They pay a commission to the platform in return for the funding they receive (generally between 2%-3%).

Private investors pay no fees to the platform for deposits, withdrawals, or any other functionality used when investing. From the interest rate indicated on each investment, investors can calculate the profit to be received.

Graphic explaining how does debitum work

Loan originators

Debitum Investments currently works with 5 loan originators, including the long-established Evergreen Capital, Flexidea and its subsidiary Flexidea Polska, and Triple Dragon.
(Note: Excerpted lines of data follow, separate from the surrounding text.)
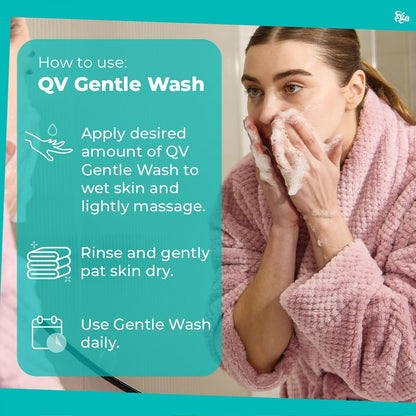 QV Gentle Wash (500g) for Dry, Sensitive Skin, pH Balanced, Unscented, Soap Free, Moisturising Soap alternative that lathers for Dry Skin Eczema, Psoriasis, Dermatitis for whole body
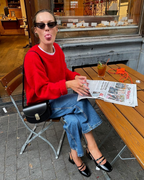 Women's Red Round-neck Pullover Sweater | Streetwear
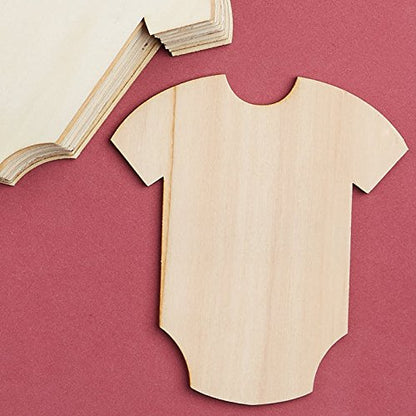Pack of 24 Unfinished Wood Baby Onesie Cutouts by Factory Direct Craft - Blank Wooden T-Shirt Shapes for Baby Shower Favors, Gender Reveals,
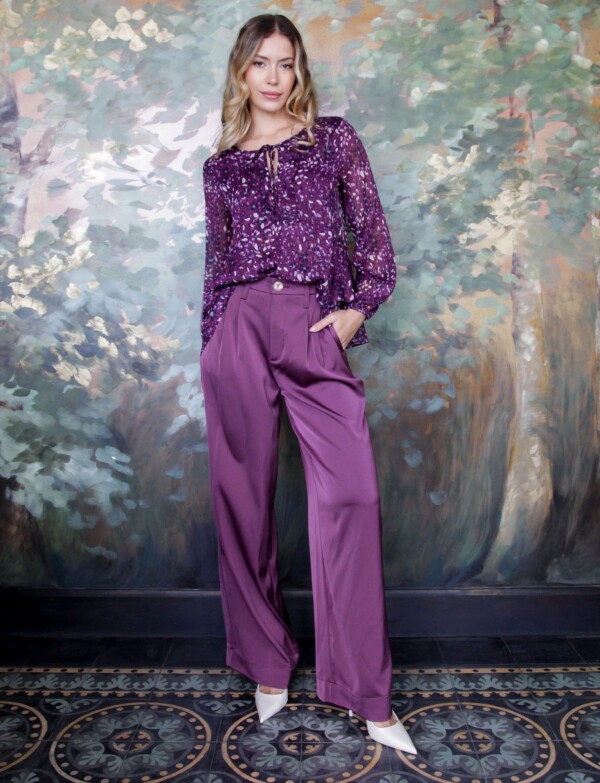 Pantalon Saten Wide BORDEAUX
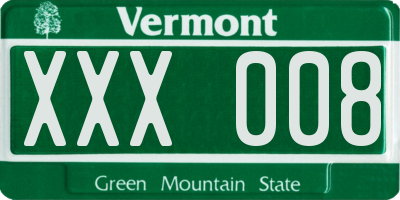 VT license plate XXX008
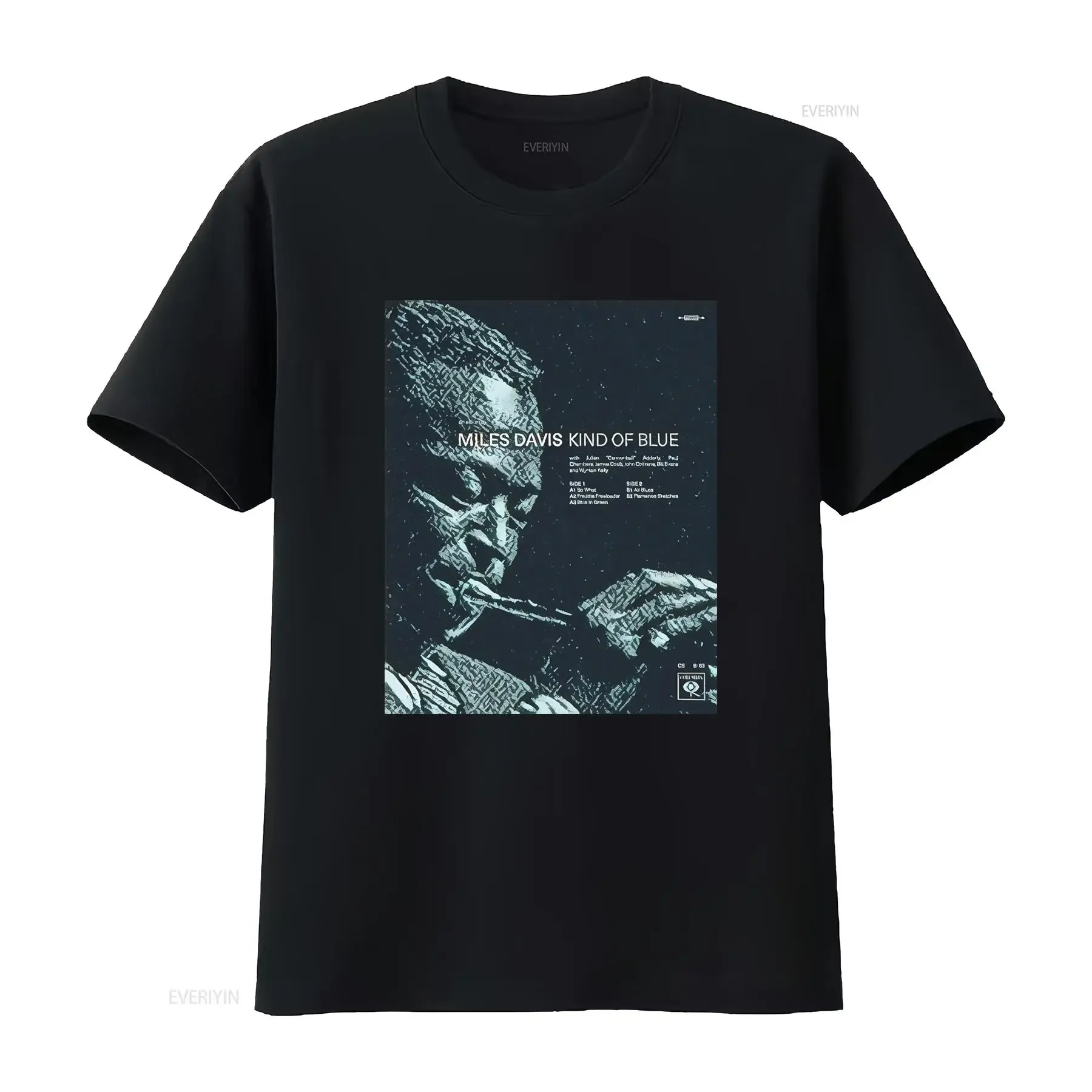 Vintage Jazz Music Miles Davis Kind of Blue Album Print Casual T Shirt vintage Washed streetwear graphic homme Breathable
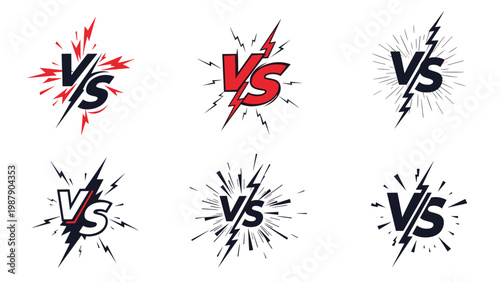 Collection of versus or VS battle logo symbols with lightning bolts and explosive effects in red and black color schemes.
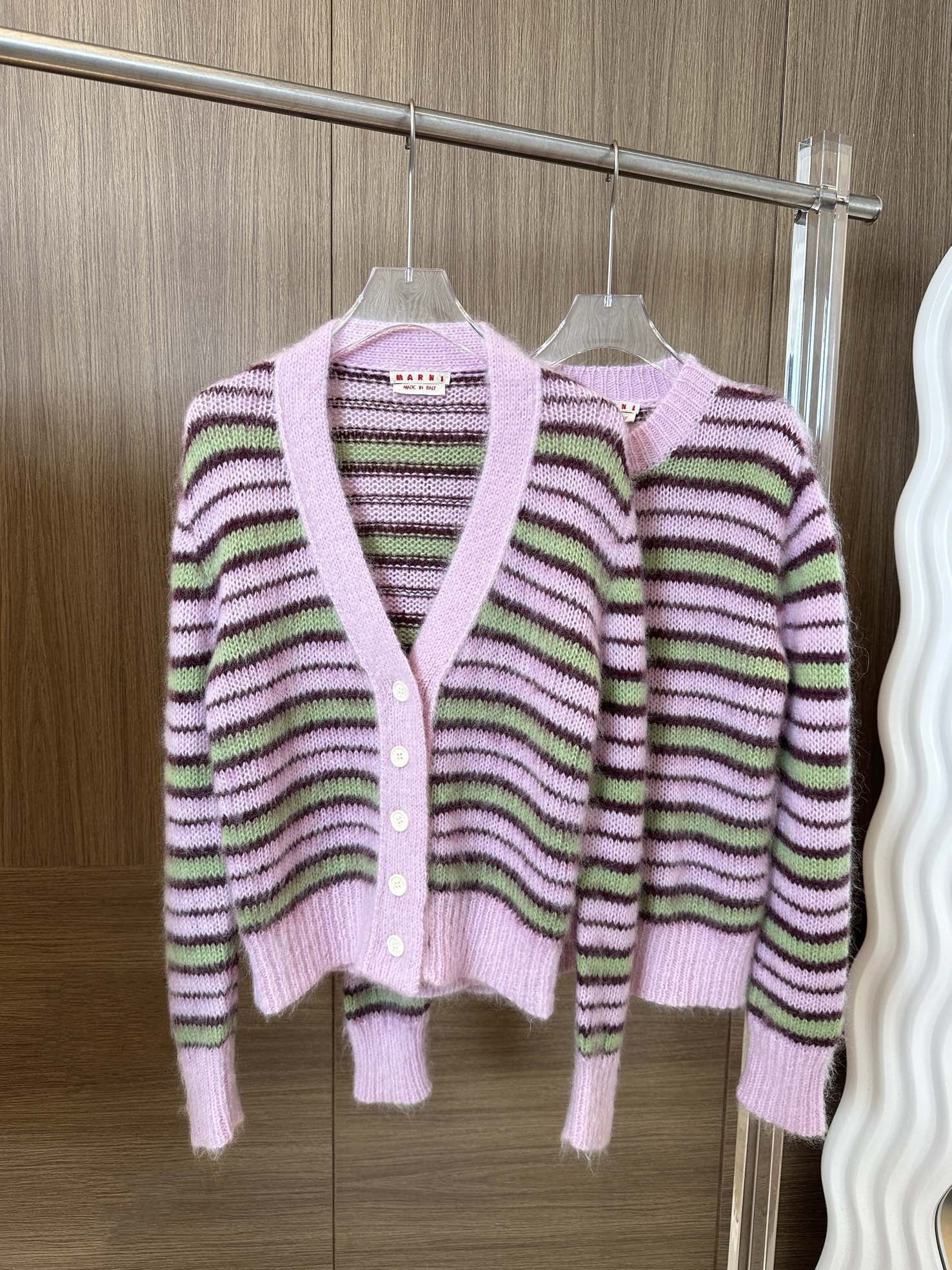 Authentic Marni Pink And Green Contrast Striped Mohair Cardigan
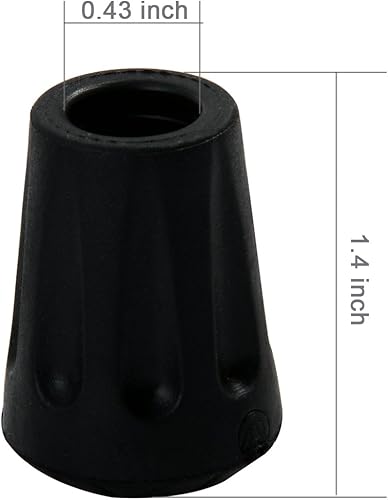 Miniatura 3 de Paquete de 6 puntas de goma de repuesto, se adapta a la mayoría de bastones de senderismo, bastones de senderismo y bastones para caminar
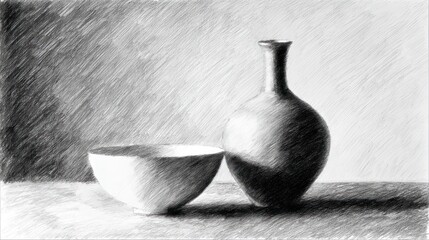 Charcoal drawing of a ceramic bowl and vase, shaded with light and shadow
They have recently been joined by Sandbox Funding, Juno Finance and Foresto.

Bono House, a Latvian 🇱🇻 subsidiary of BONO Group, a 90M€ turn-over company, is specialized in the assembly and the development of eco-friendly house projects.

Evergreen Capital has been providing funding to Estonian SMEs 🇪🇪 since 2013 backed by a personal guarantee from the company director or owner.

Flexidea has been offering invoice financing solutions in Latvia 🇱🇻 since 2017 to local and international companies (supermarkets, manufacturers, service providers, etc.).

Flexidea Polska (a Flexidea subsidiary created in 2022) is a digital platform offering invoice financing solutions to SMEs located in Poland 🇵🇱.

Foresto is a Latvian company 🇱🇻 specialized in the acquisition and merger of forest properties that resells this real estate to Nordic, Baltic or Polish real estate or forest funds.

Juno Finance provides financing to Latvian companies 🇱🇻 in the forestry and agriculture sectors. Investments are secured by collateral such as commercial pledges and mortgages.

Sandbox Funding is a non-bank lender to Latvian SMEs 🇱🇻 whose loans are mainly secured by business pledges, receivables, and mortgages.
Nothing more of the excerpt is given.